I met a behemoth of a dude named Ed on March 5th. He lives on the block adjacent to the lot and had plans of cleaning it which was radical. I'm hoping he'll help out. By hope i mean I'm banking on it. He told me he's the new compost man. The compost man, FYI, is vigilante organics collecter on the northside. When Ed let me know, it was as if he was saying he was the new sheriff in town after a guy named Matt had left. He's got two heaping mounts of compost up the hill which rules and he said I could have a deal of it.

I got a bunch of vegetable seeds from the supermarket. Burpee seeds, which are corporate GMO seeds, but I was in a frenzy to start seedlings, so I put some in my home hydroponics 98 plant starter. Got a flourescent light for the plants in the real house. It makes my house look like a bar, or a jewelry store at night.

The greenhouse is still a bit gappy. Wind whips through. The roof has a hole. I got a Metal drum from a scrapyard. It's black and will be filled with water to absorb sun and realease heat in my greenhouse. It's becoming less necessary to have a greenhouse as the warmth approaches. Even so, I don't care if I finish in June. The only thing is I'm lying. I want it done now. I should have enough wood, liquid nails and foam after my last trip to the Home Despot to finally seal it. I also got some of that linoleum molding you see in office buildings which I'll be using to seal the perimeter inside. Roof needs finishing. I need metal!!! I was thinking soda cans. If anyone's got any idea about how I can cover half the roof with metal let me know.  In this economy everyone's clinging to their metal.

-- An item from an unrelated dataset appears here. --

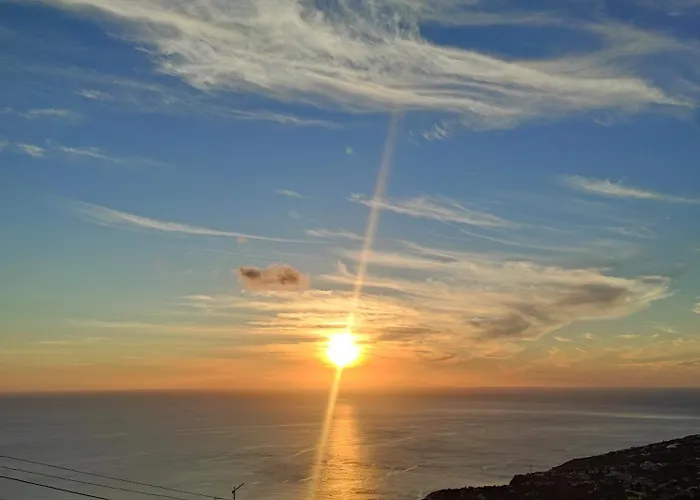 Casa Camara Arco da Calheta (Madeira)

 I made a trashcan out of one of my water barrels, put rocks in the bottom. I've gotta put a roof on it or else it'll fill with water everytime it rains. I'm gonna cut down this demon of a leafless bush next. And put a freaking roof on my greenhouse. Then I'll insulate it. That'll be fun. If you the kind reader (mom) know anywhere to get cheap metal let me know. I'll add some pictures soon.

Ben

Ps. Firs sprouts in the starter are broccoli. 4-5 days in between folds in a wet coffee filter plced within two plates. I signed up for a gardening class too through the Grow Pittsburgh foundation. I'll share what I learn there. Aight. Be good.